I read a headline the other day (on my Facebook feed, of course) about teens and social media. I wrongly thought it said that teens checked social media on average 900 times each day. Fortunately, I did read it wrong (it was more like 100 times or something), but it got me thinking about how many times I check Facebook every day (I’m still the lamest Twitter user ever—I just don’t GET it). And it got me thinking that I might not want to know how many times I check Facebook every day, whether via the tab that remains perpetually open on my laptop or via the little numbered notifications that show up on the Facebook icon on the home screen on my phone. I check it while I’m writing, while I’m researching, while I’m working on client files, while I’m watching TV, while I’m exercising, before I go to bed, when I get up in the morning, when I get in the car, when I park the car, and I’m even now still trying to rid myself of the habit of checking at stoplights.

Here’s the thing: WHAT THE HELL AM I LOOKING FOR?

Seriously, what do I think I’m going to find with all of these dozens (hundreds? *gulp*) of times I’m checking my phone (or less, frequently, the computer)?

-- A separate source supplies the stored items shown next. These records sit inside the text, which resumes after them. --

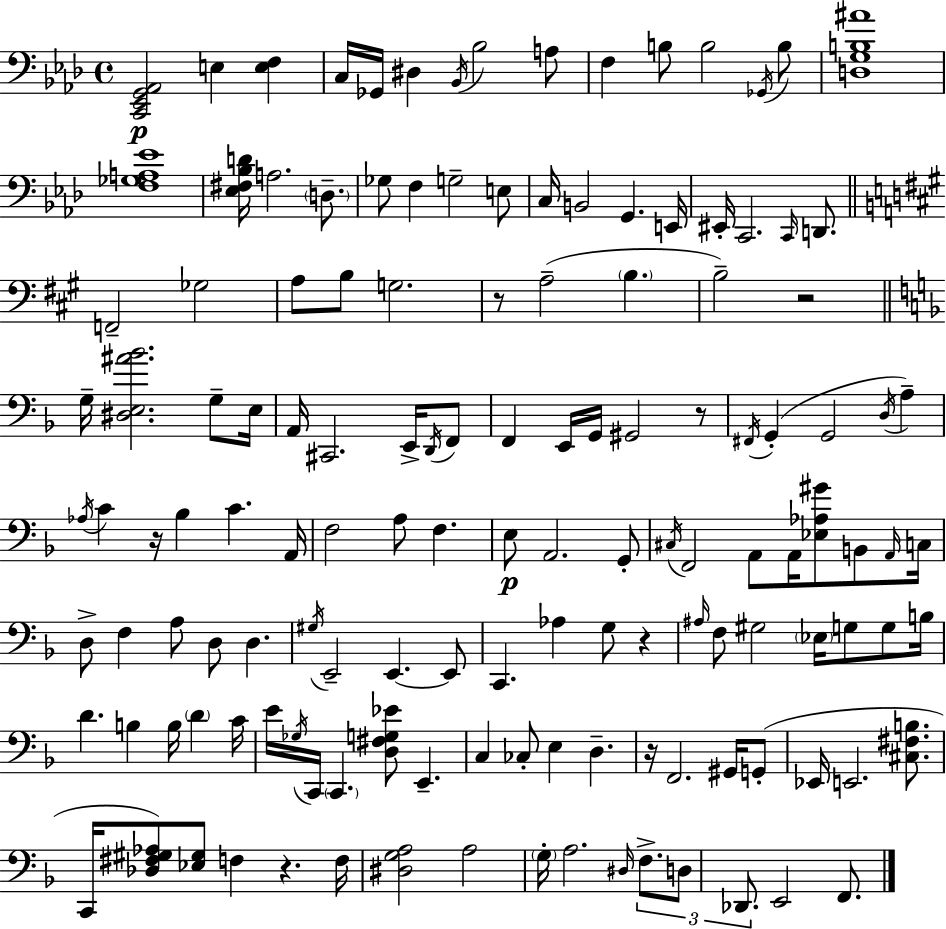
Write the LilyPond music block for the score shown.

{
  \clef bass
  \time 4/4
  \defaultTimeSignature
  \key f \minor
  <c, ees, g, aes,>2\p e4 <e f>4 | c16 ges,16 dis4 \acciaccatura { bes,16 } bes2 a8 | f4 b8 b2 \acciaccatura { ges,16 } | b8 <d g b ais'>1 | \break <f ges a ees'>1 | <ees fis bes d'>16 a2. \parenthesize d8.-- | ges8 f4 g2-- | e8 c16 b,2 g,4. | \break e,16 eis,16-. c,2. \grace { c,16 } | d,8. \bar "||" \break \key a \major f,2-- ges2 | a8 b8 g2. | r8 a2--( \parenthesize b4. | b2--) r2 | \break \bar "||" \break \key f \major g16-- <dis e ais' bes'>2. g8-- e16 | a,16 cis,2. e,16-> \acciaccatura { d,16 } f,8 | f,4 e,16 g,16 gis,2 r8 | \acciaccatura { fis,16 }( g,4-. g,2 \acciaccatura { d16 }) a4-- | \break \acciaccatura { aes16 } c'4 r16 bes4 c'4. | a,16 f2 a8 f4. | e8\p a,2. | g,8-. \acciaccatura { cis16 } f,2 a,8 a,16 | \break <ees aes gis'>8 b,8 \grace { a,16 } c16 d8-> f4 a8 d8 | d4. \acciaccatura { gis16 } e,2-- e,4.~~ | e,8 c,4. aes4 | g8 r4 \grace { ais16 } f8 gis2 | \break \parenthesize ees16 g8 g8 b16 d'4. b4 | b16 \parenthesize d'4 c'16 e'16 \acciaccatura { ges16 } c,16 \parenthesize c,4. | <d fis g ees'>8 e,4.-- c4 ces8-. e4 | d4.-- r16 f,2. | \break gis,16 g,8-.( ees,16 e,2. | <cis fis b>8. c,16 <des fis gis aes>8) <ees gis>8 f4 | r4. f16 <dis g a>2 | a2 \parenthesize g16-. a2. | \break \grace { dis16 } \tuplet 3/2 { f8.-> d8 des,8. } e,2 | f,8. \bar "|."
}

Does some part of me believe that one of these times the notification is going to say, “You’ve won a billion dollars?” Why on earth is it such a compulsion?

I remember reading this article from the Psychology Today blog a few years ago about social media addiction and the dopamine loop. Dopamine gives us the desire to “seek” and the faster we can find what we are looking for, be it through a Facebook notification, or a Tweet, or a text, or a light flashing on our phone indicating an email, the quicker the reward, which leads us to seek more and more. Android Social Media Notifications

And even worse, dopamine does not have satiety built in—our brains go even nuttier just anticipating what we are looking for than when we actually find it, and the dopamine makes us keep looking even after we’ve found it (not unlike my addiction to Coca-Cola, but that’s a different blog post.) The article mentions how you might go to Google looking for one piece of information, then thirty minutes later find yourself still Googling for more. Does this sound to anyone else like the compulsion to scroll down your news feed as far back as the last time you stopped looking, just to make sure you didn’t miss anything? Just a little farther down and I’ll come across the article or essay I’d be sorry if I’d missed, right? Don’t stop scrolling! Don’t stop!

And worst of all, the article notes, dopamine loves both unpredictability and Pavlovian cues. A text message dings? The email light flashes? A Facebook notification pops up? DOPAMINE LOVES THAT SHIT.

I suppose on the one hand, the news is good. Maybe, at least to some extent, my Facebook addiction is not entirely my fault. It is dopamine’s fault. Stupid dopamine.

On the other hand, I’m still checking my damn phone dozens (hundreds?) of times a day. I really do feel like Pavlov’s pathetic dog, like I can’t stop myself.

The article does offer one partial solution, though. Turn off the cues.

It won’t solve my problem, because of course, I’ve done it before. Many times. And there’s always the laptop, although it’s much less portable. But hopefully uninstalling the Facebook app on my phone, again—I mean, is it really critical that I post that hilarious picture of the kids the second after I take it?—and blocking the Facebook website from my phone’s browser (because that’s always the workaround, right?) will help me break the dopamine loop long enough to try to reset my brain.

But first, let me check it just one last time. Really.